NVIDIA GPUs were optimised for different workloads, such as 3D rendering, that have different optimal ratios.

This “supercomputer” isn’t brute force or wasteful because it allows more requests per second. By having each response get processed faster it can pipeline more of them through per unit time and unit silicon area.

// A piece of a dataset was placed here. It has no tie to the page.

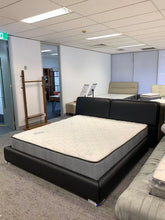 Noir Elegance Leather Bed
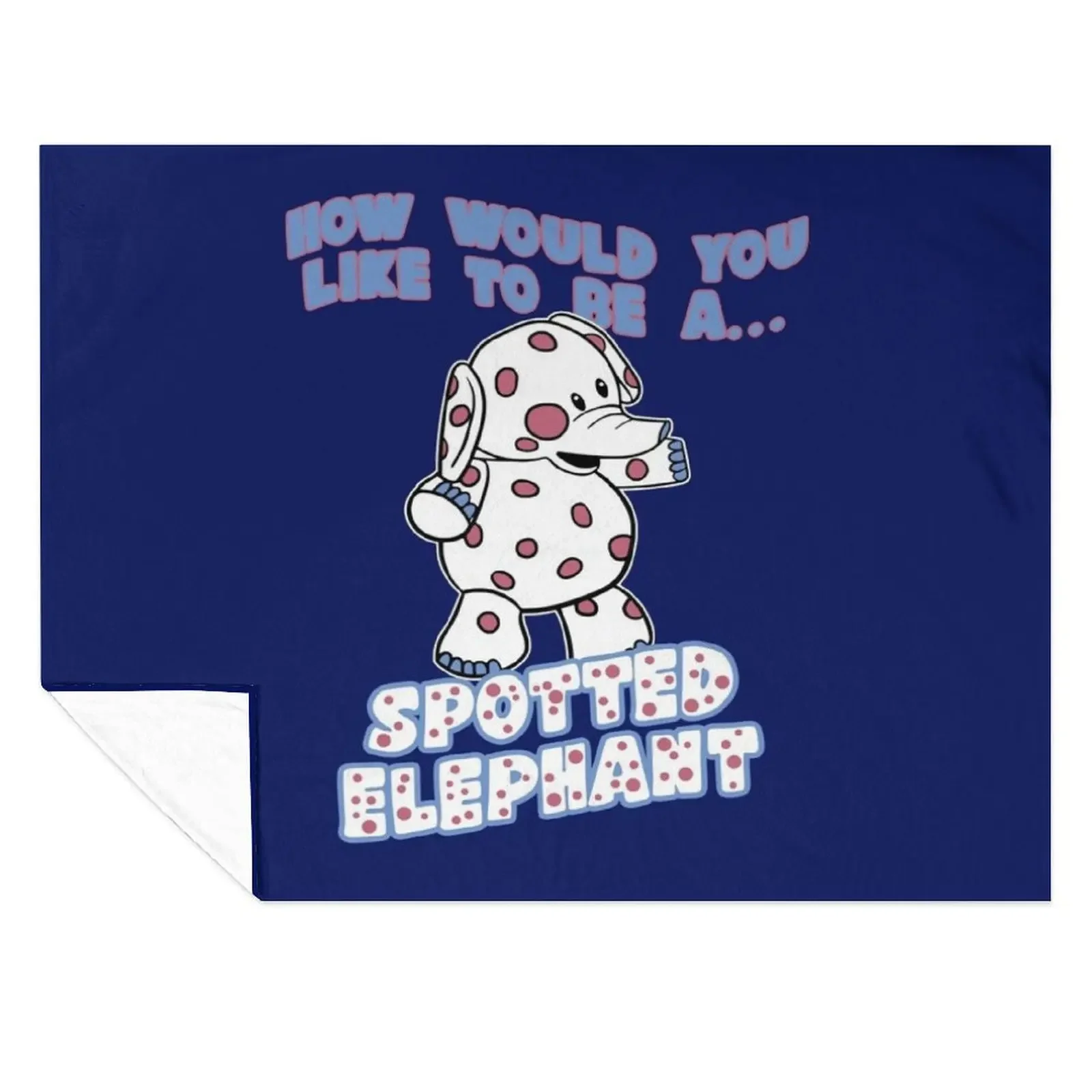 

Spotted Elephant Misfit Toy Throw Blanket Comforter Thin Bed Fashion Sofas Blankets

A recent presentation on the architecture

https://youtu.be/WQDMKTEgQnY?si=W0E9Kq6P280l3Wcl

IMO we still need an MLPerf submission or similar to really understand if this is more efficient or more efficient only if you also want to minimize latency.

Nvidia has pulled enough rabbits out of the hat when it comes to MLPerf I’m still not convinced they can’t work some CUDA magic and undercut them on efficiency.

The correct ratio for one workload (production inference).
> pure L3 cache with a whopping 230 MB per card

Just to put these numbers in perspective a desktop 8 core 7800x3d has 96MB of L3 cache, and the top-end 96-core Epyc 9684X has 1.15GB of L3.

They need 568 LPUs to load both Mixtral 8x7B and LLaMA 70B, because they need both those models available for the demo.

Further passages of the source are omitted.